**Exercise**
In the copy, keep every word of the data below and none of its pictures.

##############################

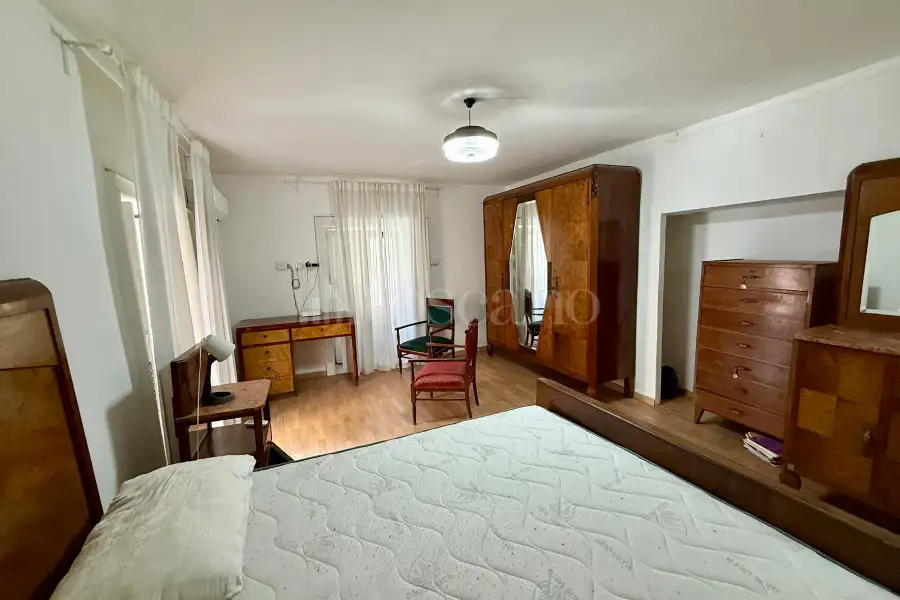 Casa in vendita di 120 mq a €189.000 (rif. 93/2025)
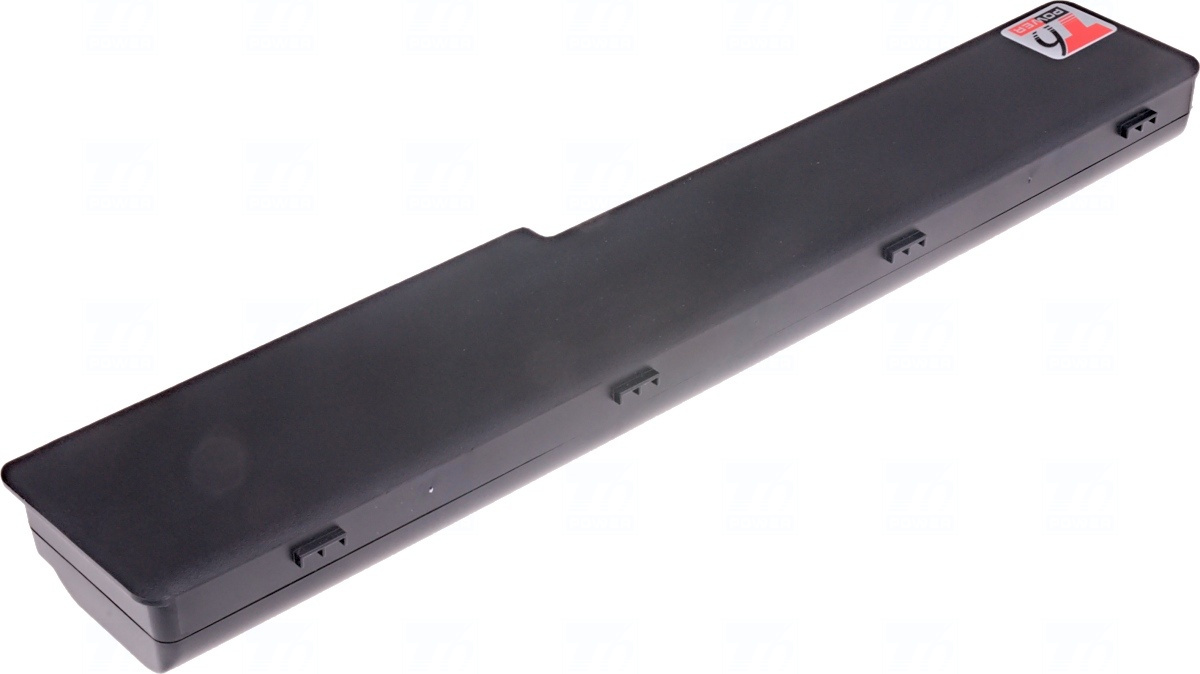 Baterie T6 Power KS525AA, 464059-121, 464059-161, 464059-141, 464059-221, HSTNN-DB75, HSTNN-IB75, HSTNN-OB75, 480385-001, HSTNN-C50C, HSTNN-Q34C
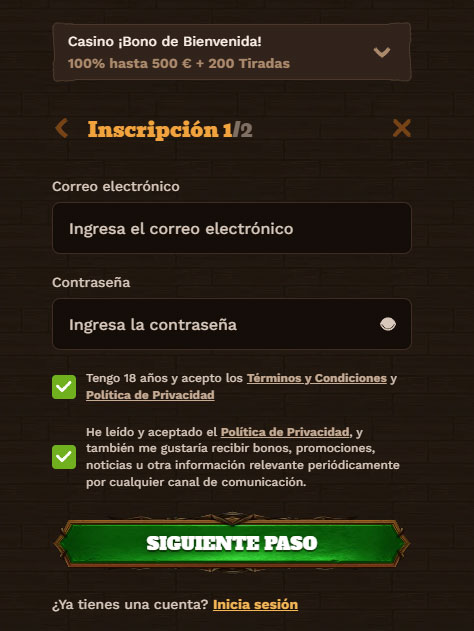 FatPirate-Casino-ES-Register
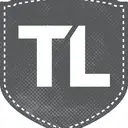 Logo of True Life Church
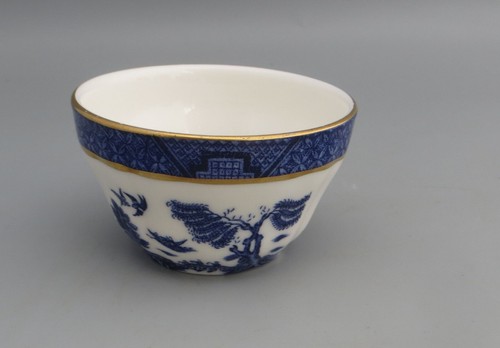 Royal doulton booths real old - doulton,
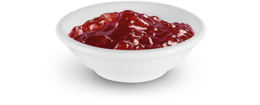 food & Jam free transparent png image.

##############################

**Result**
 Casa in vendita di 120 mq a €189.000 (rif. 93/2025)
 Baterie T6 Power KS525AA, 464059-121, 464059-161, 464059-141, 464059-221, HSTNN-DB75, HSTNN-IB75, HSTNN-OB75, 480385-001, HSTNN-C50C, HSTNN-Q34C
 FatPirate-Casino-ES-Register
 Logo of True Life Church
 Royal doulton booths real old - doulton,
 food & Jam free transparent png image.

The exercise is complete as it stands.